EL REHABİLİTASYONU UZMANLIK İSTER
İnsanların en çok kullandığı, bu nedenle en çok yaralanan organlarımızdan olan ellerin tedavisinde de üst ekstremite ve el rehabilitasyonunun ön plana çıktığını ifade eden Prof. Dr. Ömer Faruk Şendur, “sadece el yaralanmalarına değil, doğuştan ya da birçok nedene bağlı olan (inme, kafa travması, omurilik felci, kas hastalıkları, multipl skleroz, periferik sinir lezyonları, yanık, kontraktür, doğuştan el deformiteleri gibi) üst ekstremite ve el fonksiyonel kayıplarına yönelik rehabilitasyon uygulamaları da çok önemli. Oldukça kompleks bu yapının tedavi programı gerçekten bu konuda uzman kişiler tarafından verilmelidir. Her hastaya aynı tedavi programını uygulamak faydadan çok zarar verebilir” görüşünü dile getirdi.
KABUSUNUZ OLMASIN
Lenf sisteminin çeşitli nedenlerle yeterli fonksiyon görememesi sebebiyle oluşan lenfödemin (fil hastalığı), kol veya bacakta ve hatta gövdede ciddi düzeyde geri dönüşümsüz yapısal bozulmaya yol açabildiğini vugulayan Prof.

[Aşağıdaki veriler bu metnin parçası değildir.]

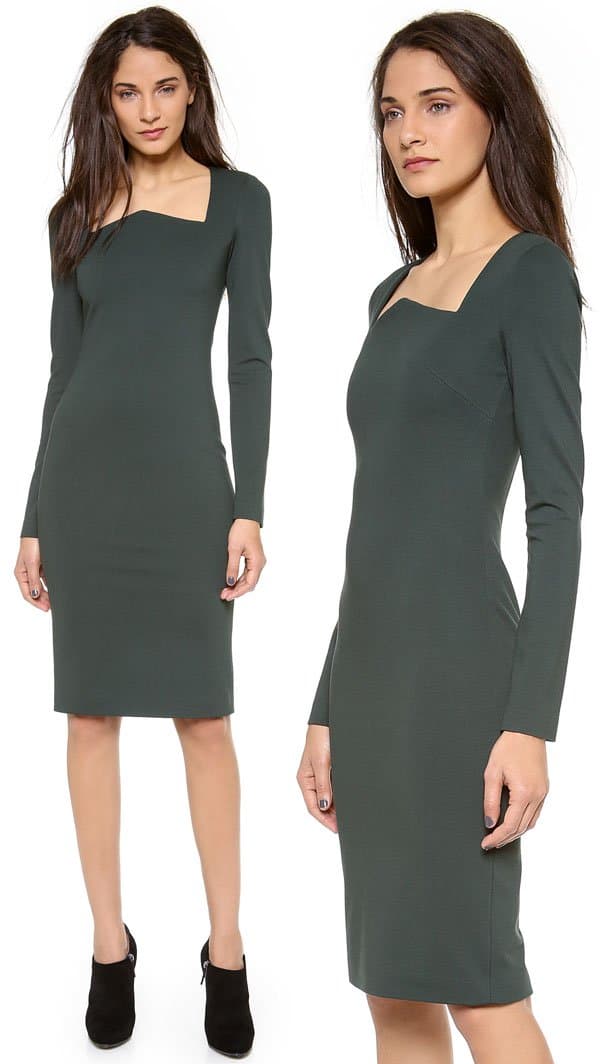 Cushnie et Ochs Long Sleeve Jersey Dress available at Shopbop
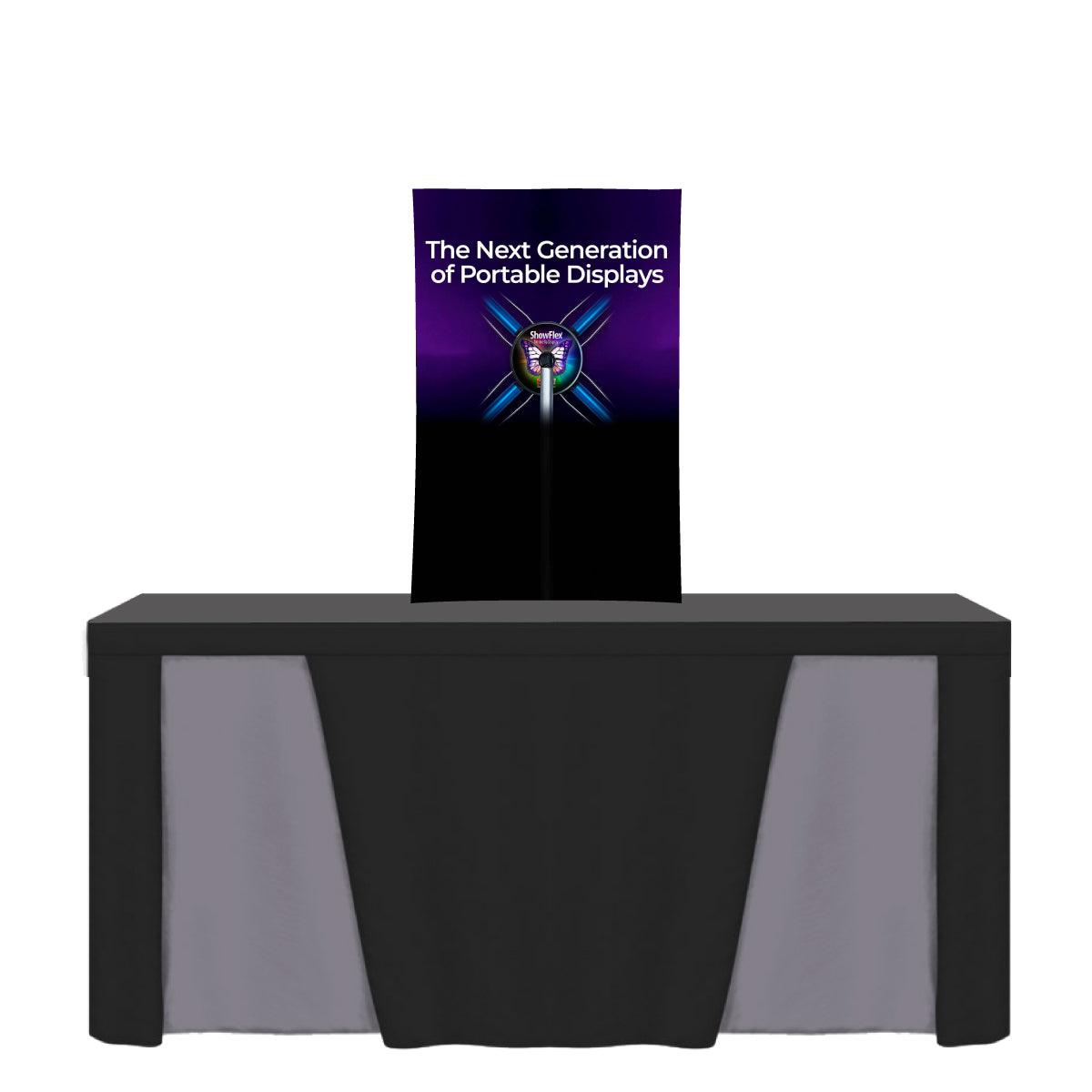 ShowFlex A3 Tabletop Display (21"w x 32"h) - TradeShowPlus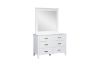 Picture of CLOUDWOOD Solid Pinewood 4PC/5PC/6PC Bedroom Set in Queen Size (White)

Dr. Şendur, ekledi: “Lenfödem yaşam kalitesini düşüren, kişiyi iş ve sosyal yaşamdan uzaklaştıran, bazen yatağa bağımlı hale getirebilen bir hastalıktır. Sık görülen bir durum olmasına rağmen konuyla ilgilenen uzman sayısı azdır ve hastalar uygun tedavilere ulaşamamaktadır. Tecrübeli bir ekip tarafından, lenfödemin klinik bulguları ve şiddetine göre bireysel tedavi programları uygulanması hastanın konforu açısından büyük önem taşımaktadır.